▶ [Problem requirements]:
Beginning with the line that holds "LingQ_Central's tweet card.", copy each line to the end of the records exactly, except the pictures.

▶ [Records to use]:
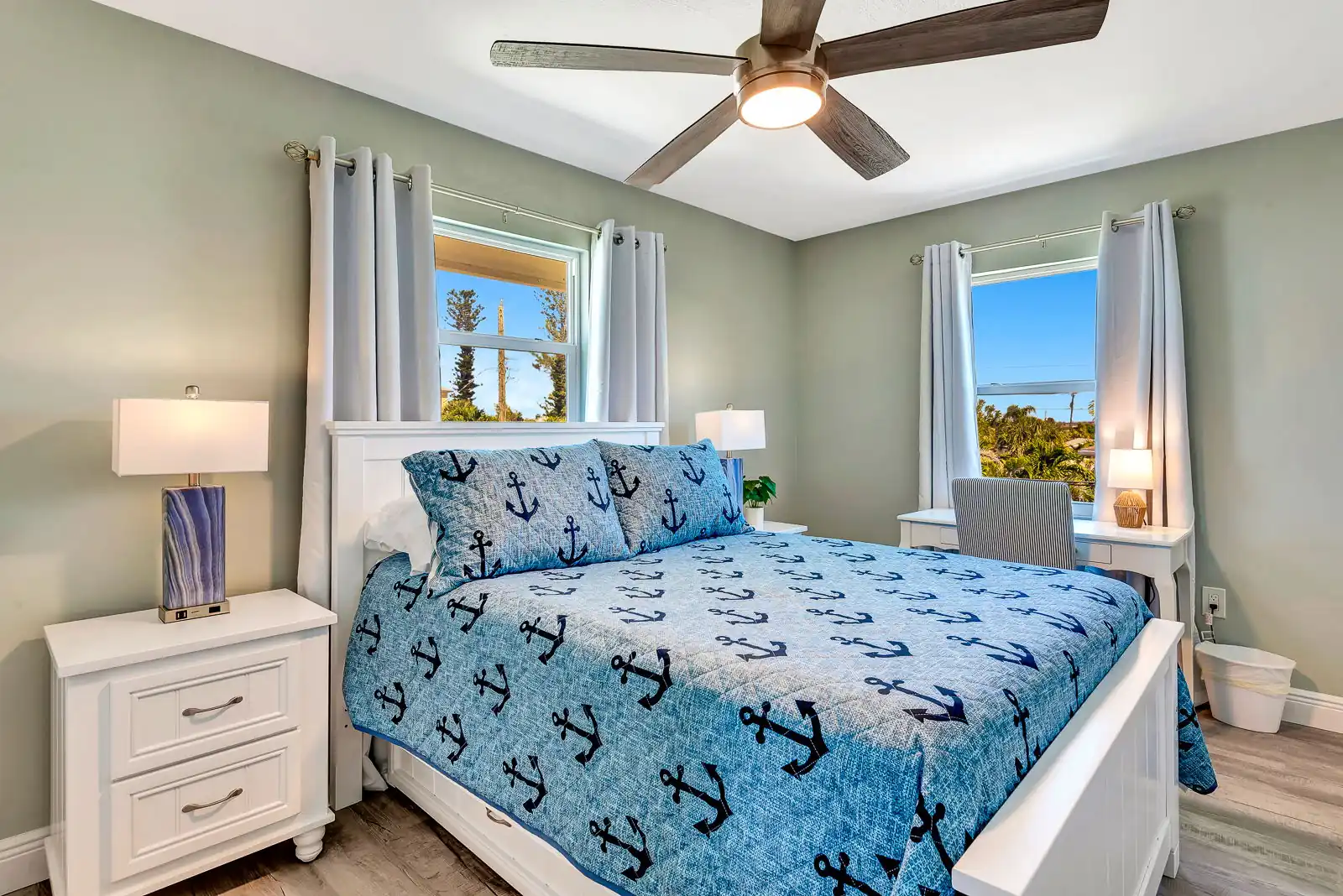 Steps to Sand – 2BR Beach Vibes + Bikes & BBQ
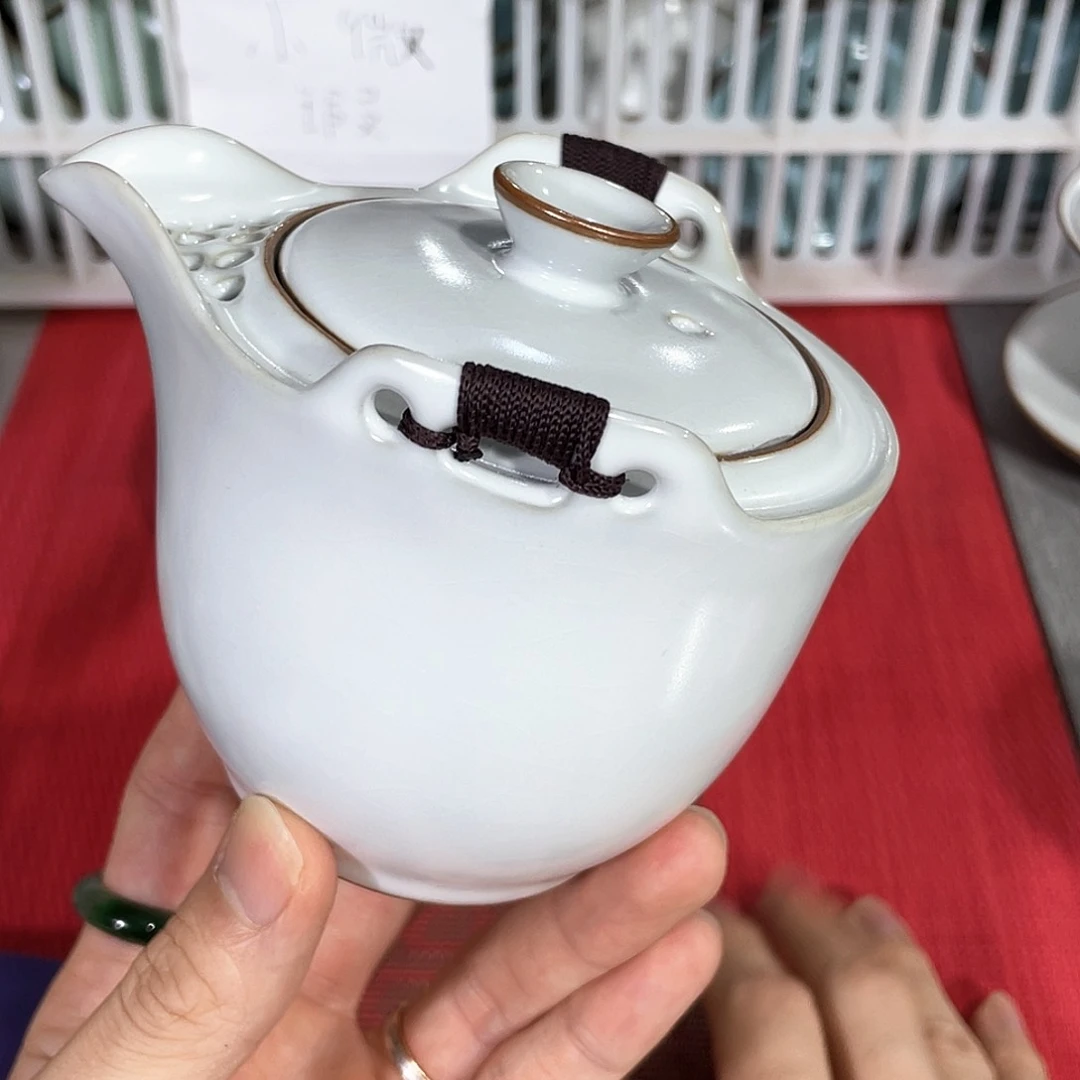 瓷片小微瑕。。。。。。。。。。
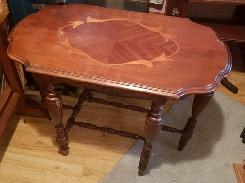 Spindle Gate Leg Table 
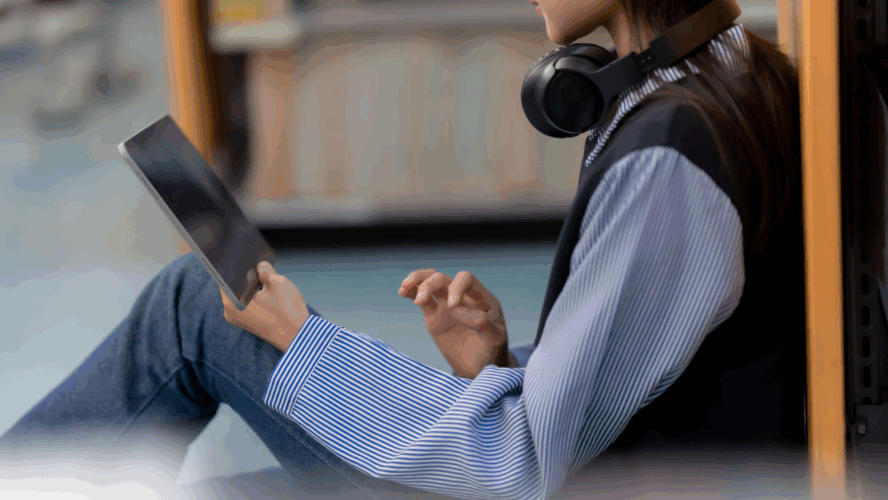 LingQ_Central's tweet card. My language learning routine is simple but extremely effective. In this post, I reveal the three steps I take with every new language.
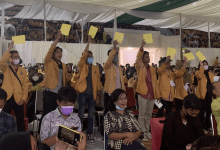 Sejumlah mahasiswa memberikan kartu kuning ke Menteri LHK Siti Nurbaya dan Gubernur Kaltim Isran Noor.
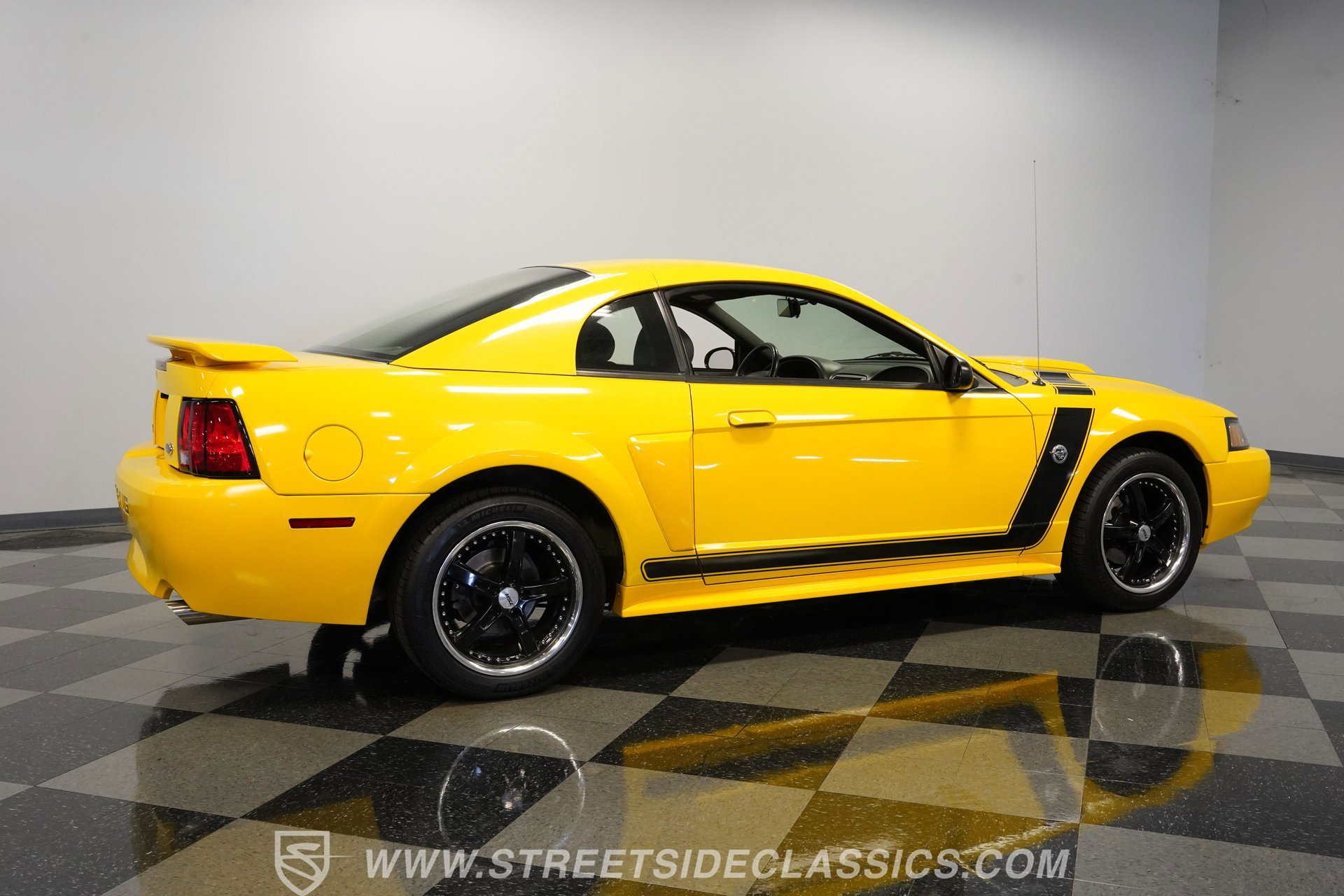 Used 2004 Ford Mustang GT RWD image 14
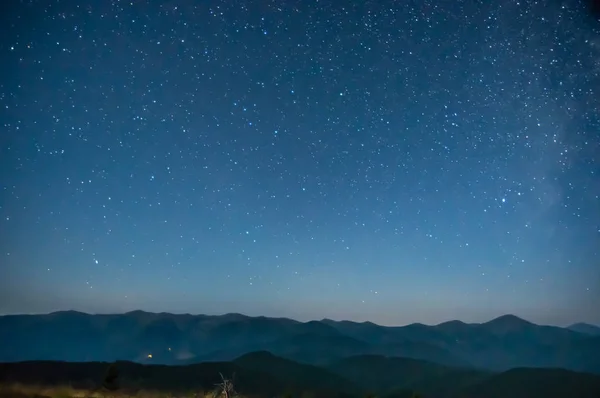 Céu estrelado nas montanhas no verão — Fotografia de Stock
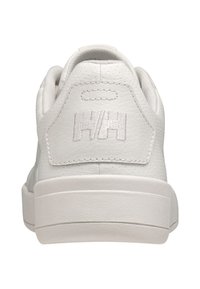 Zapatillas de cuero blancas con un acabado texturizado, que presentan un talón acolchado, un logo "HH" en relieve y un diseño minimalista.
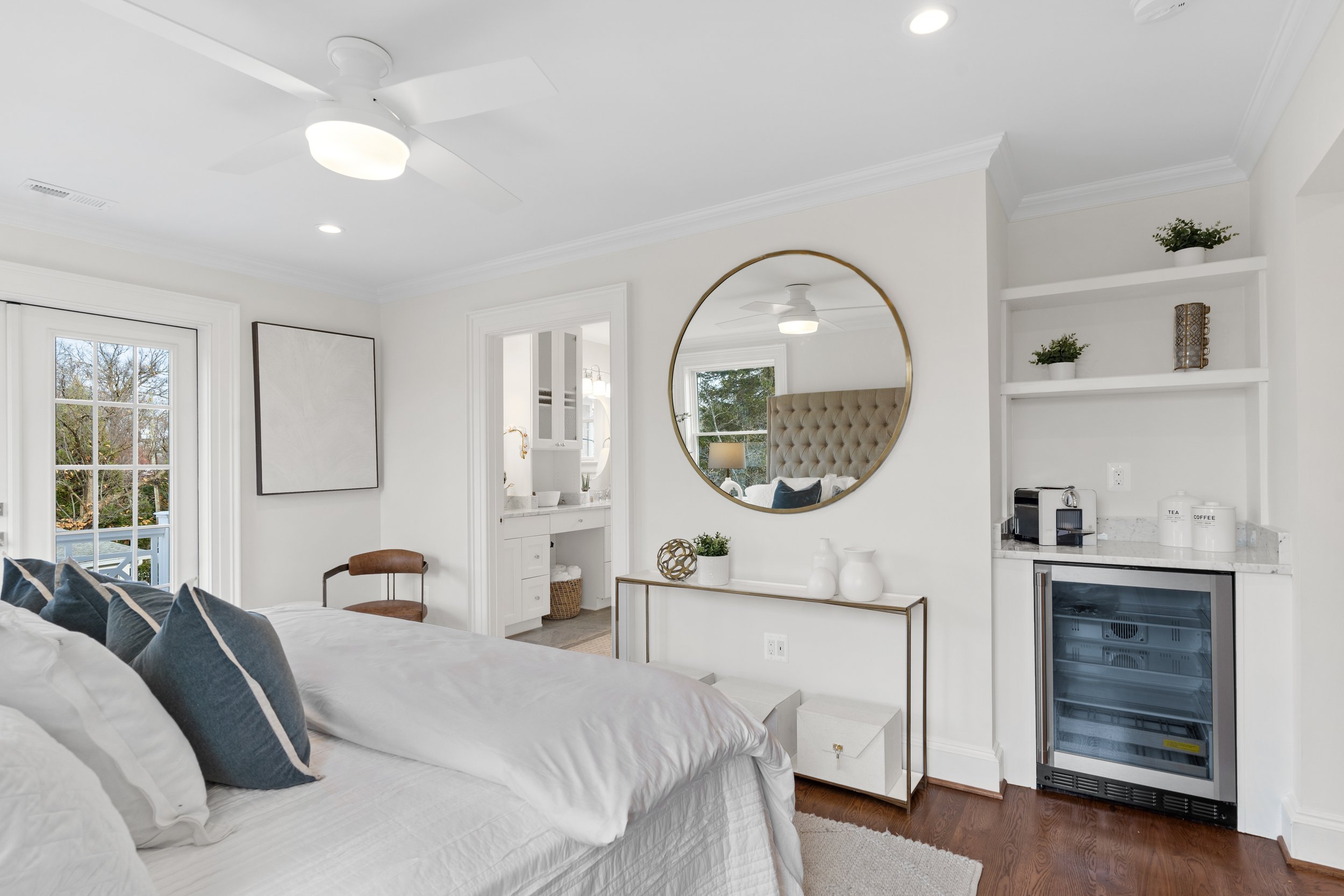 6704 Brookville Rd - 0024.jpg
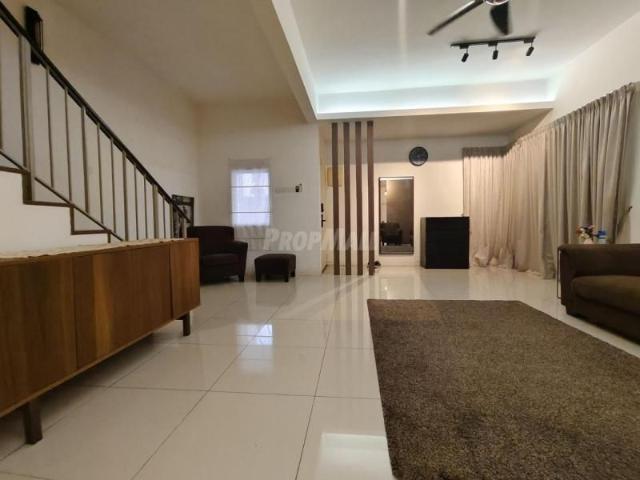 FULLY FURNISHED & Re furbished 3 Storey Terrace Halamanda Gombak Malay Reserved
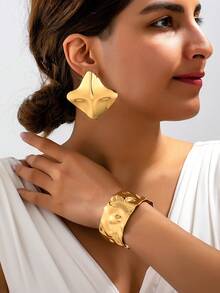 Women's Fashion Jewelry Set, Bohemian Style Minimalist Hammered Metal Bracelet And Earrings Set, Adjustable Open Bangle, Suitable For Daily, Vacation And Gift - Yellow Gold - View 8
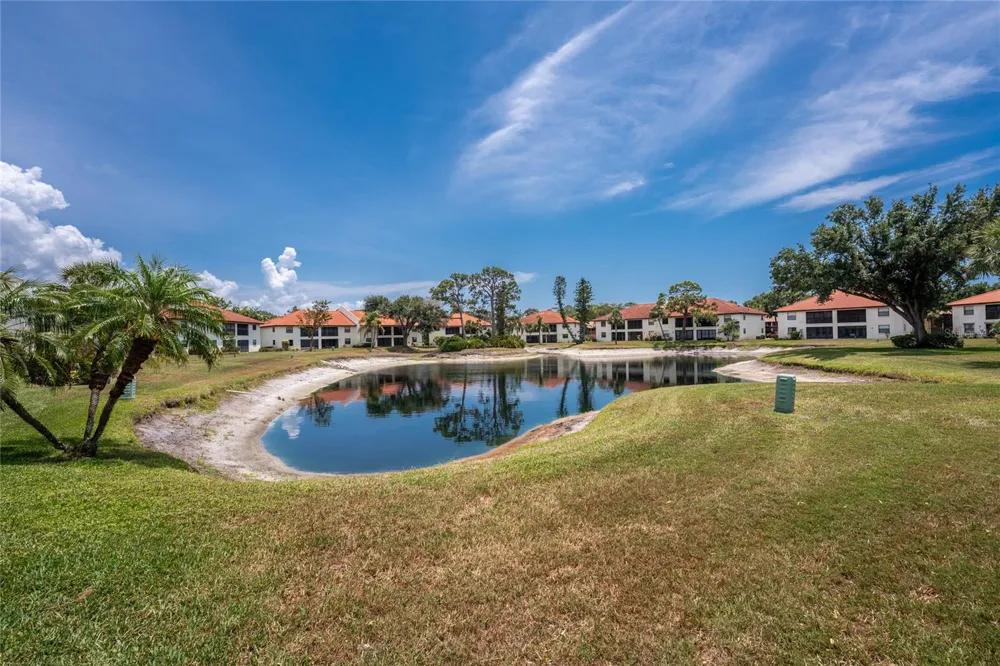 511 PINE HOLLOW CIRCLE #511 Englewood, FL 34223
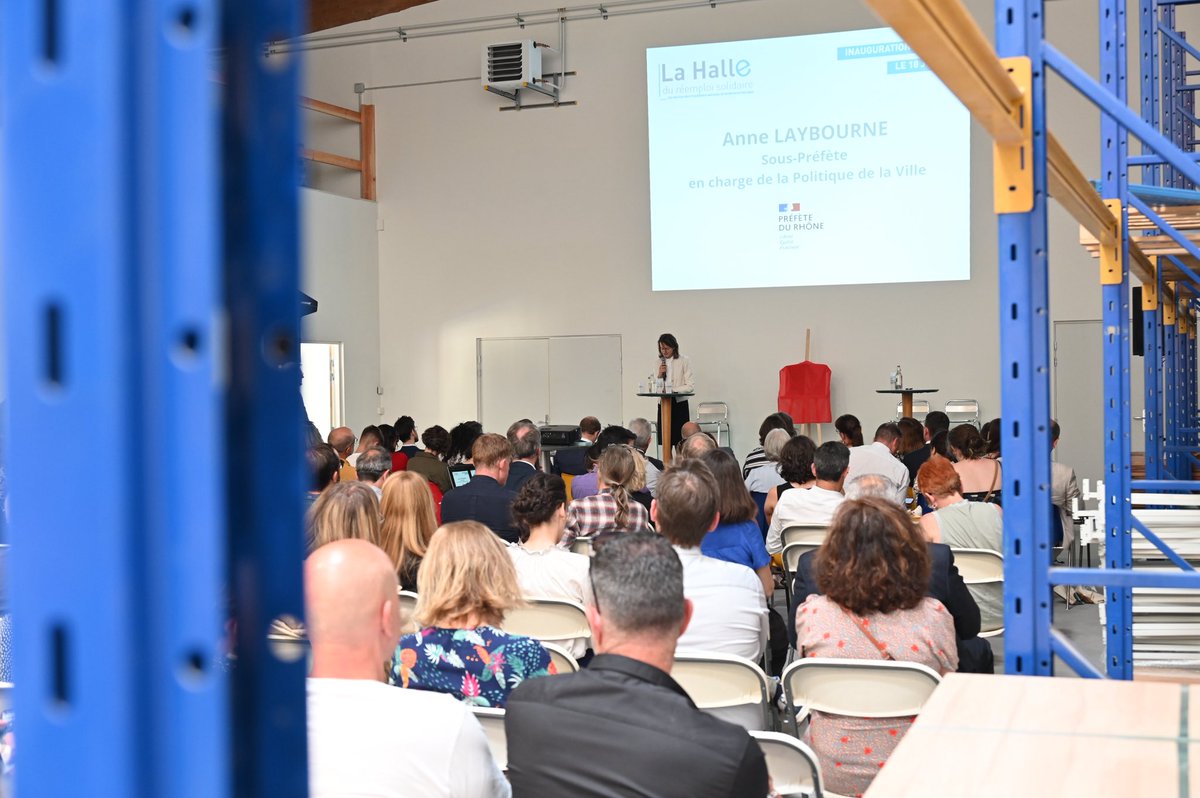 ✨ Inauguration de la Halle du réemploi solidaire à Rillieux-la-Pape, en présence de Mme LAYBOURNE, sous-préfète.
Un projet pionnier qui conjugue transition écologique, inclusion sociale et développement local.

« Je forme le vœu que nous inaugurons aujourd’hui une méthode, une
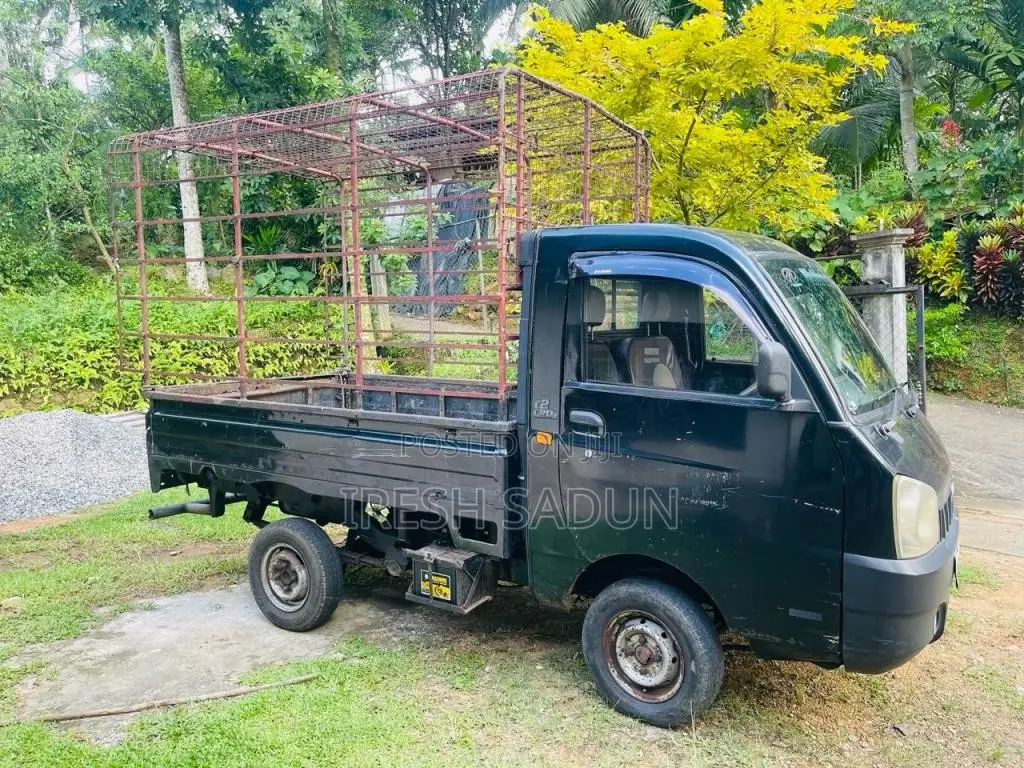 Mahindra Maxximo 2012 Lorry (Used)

▶ [Exercise solution]:
 LingQ_Central's tweet card. My language learning routine is simple but extremely effective. In this post, I reveal the three steps I take with every new language.
 Sejumlah mahasiswa memberikan kartu kuning ke Menteri LHK Siti Nurbaya dan Gubernur Kaltim Isran Noor.
 Used 2004 Ford Mustang GT RWD image 14
 Céu estrelado nas montanhas no verão — Fotografia de Stock
 Zapatillas de cuero blancas con un acabado texturizado, que presentan un talón acolchado, un logo "HH" en relieve y un diseño minimalista.
 6704 Brookville Rd - 0024.jpg
 FULLY FURNISHED & Re furbished 3 Storey Terrace Halamanda Gombak Malay Reserved
 Women's Fashion Jewelry Set, Bohemian Style Minimalist Hammered Metal Bracelet And Earrings Set, Adjustable Open Bangle, Suitable For Daily, Vacation And Gift - Yellow Gold - View 8
 511 PINE HOLLOW CIRCLE #511 Englewood, FL 34223
 ✨ Inauguration de la Halle du réemploi solidaire à Rillieux-la-Pape, en présence de Mme LAYBOURNE, sous-préfète.
Un projet pionnier qui conjugue transition écologique, inclusion sociale et développement local.

« Je forme le vœu que nous inaugurons aujourd’hui une méthode, une
 Mahindra Maxximo 2012 Lorry (Used)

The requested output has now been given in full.